I make $50,000, which is not a lot compared to the $75,000 some regional OTR drivers make, and less than half the six figures that dedicated OTR drivers make.
But to me, home time is more important.
The concern for money has arisen numerous times in the past, but when we talk it out—for our family—having time with our children is priceless. My wife and I simply schedule our budget a bit tighter when times are tough.
What advice would you give to a new aspiring truck driver?
My younger brother approached me recently. He was down and out—if it weren’t for bad luck, he’d have no luck at all. He was ready for a new job and wanted to hear about driving so, I told him:
You can do whatever you want to do, but you have to determine who you are and what you want out of life, because the world is thine oyster.
Money? Money is easy! Sign up for a dedicated OTR gig and live in a truck for five years and don’t spend a dime! Before you know it, you would have the capital to start a venture of your own, if you wanted. Home time? Just as easy! Go downtown and sign up for HUD Section 8 and live off the government. If you do it right, you probably won’t have to get off your couch.

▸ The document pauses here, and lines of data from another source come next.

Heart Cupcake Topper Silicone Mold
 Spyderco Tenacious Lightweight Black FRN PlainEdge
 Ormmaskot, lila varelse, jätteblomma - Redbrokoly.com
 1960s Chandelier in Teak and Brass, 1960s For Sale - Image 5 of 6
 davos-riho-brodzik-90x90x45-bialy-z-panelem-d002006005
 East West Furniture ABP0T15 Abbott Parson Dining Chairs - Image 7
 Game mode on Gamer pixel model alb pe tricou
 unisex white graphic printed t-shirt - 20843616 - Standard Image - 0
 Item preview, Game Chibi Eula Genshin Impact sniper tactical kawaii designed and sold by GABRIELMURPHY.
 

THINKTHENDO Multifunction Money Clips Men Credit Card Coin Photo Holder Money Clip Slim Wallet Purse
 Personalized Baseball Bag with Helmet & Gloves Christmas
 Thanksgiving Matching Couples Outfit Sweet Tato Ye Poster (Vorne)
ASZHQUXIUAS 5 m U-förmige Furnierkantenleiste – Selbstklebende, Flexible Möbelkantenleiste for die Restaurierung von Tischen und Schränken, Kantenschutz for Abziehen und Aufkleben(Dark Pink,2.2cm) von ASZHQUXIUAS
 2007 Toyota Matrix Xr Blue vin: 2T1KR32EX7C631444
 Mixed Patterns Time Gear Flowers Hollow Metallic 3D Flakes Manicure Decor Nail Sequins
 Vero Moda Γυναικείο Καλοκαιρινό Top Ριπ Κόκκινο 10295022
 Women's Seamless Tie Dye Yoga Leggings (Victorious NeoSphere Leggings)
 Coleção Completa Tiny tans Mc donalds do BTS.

Most of us probably want somewhere in between, however. That is where you will have to do some soul searching and figure out exactly what it is you desire the most and whether or not you possess the constitution to affect that end. In the truck driving industry, you can have a measure of both money and home time, according to your willingness, but do your research and learn which companies will offer you that balance you seek. Whichever road you choose remember, keep on truckin’!